A vida nos apresenta possibilidades de ação, e não as realizar, ficar estagnado, apenas contemplando o tempo passar, é doloroso. O ser humano se define através de suas realizações. Perceber-se num beco sem saída, não vibrar pela vida, não ter interesse, é uma situação lamentável, doentia mesmo. Sem energia, a pessoa passivamente almeja que alguém ou algum acontecimento venha de fora e a salve dessa dor, num passe de mágica. A imagem que me aparece é das rodas de um veículo girando sobre um chão barrento, sem sair do lugar.
É preconceito achar que tédio é “privilégio” dos mais velhos. Dependendo do ponto de vista de cada um, há escolas primárias tediosas, há trabalhos entediantes, há relacionamentos conjugais rotineiros e sem significado. São muitas as situações em que o ser humano permanece numa armadilha dessas: imobilizados, subaproveitados.
A ILPI descrita no livro é uma organização autoritária, com regras rígidas, por vezes cruéis mesmo, que são insistentemente expressas para seus moradores, de forma a inibir eventuais tentativas de expressar discordância, desagrado, ou quiçá uma simples sugestão. O silêncio, a resignação e a passividade são benvindos. Porém… eis que surge o herói do nosso livro. Ele constata o tédio no qual está mergulhado, vivendo naquela ILPI; sem condições de morar em outro lugar, começa a tomar iniciativas ali dentro mesmo… e registra tudo em um diário. Atrai para seus empreendimentos subversivos outros moradores igualmente entediados. As ações, que começaram com uma discretíssima recusa em comer um pedaço de bolo ruim, o que resultou no assassinato de todos os peixinhos de um aquário, vão se ampliando, vão se tornando mais ousadas… e mais engraçadas.

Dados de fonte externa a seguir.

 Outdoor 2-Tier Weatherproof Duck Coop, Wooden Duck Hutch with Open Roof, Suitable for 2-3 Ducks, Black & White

Não vou estragar o prazer de eventuais futuros leitores desse livro. Não vou contar os acontecimentos. Apenas quero dizer que, sob forma de diário, as mazelas dos moradores daquela ILPI, situada em Amsterdã, vão sendo constatadas sem piedade, ao mesmo tempo em que as vivências e os sentimentos daqueles velhos são narrados num tom cheio de respeito pelas individualidades e de aceitação das limitações trazidas pelo envelhecimento; tudo isso, permeado por uma grande dose de humor ácido.
O herói desse livro não esperou uma solução mágica que (não) viria de fora: ele agiu.
Quantas reflexões podem ser despertadas por essa leitura!
(*) Maria Celia de Abreu é psicóloga, coordenadora do Ideac e autora de “Velhice, uma nova paisagem”, entre muitos outros.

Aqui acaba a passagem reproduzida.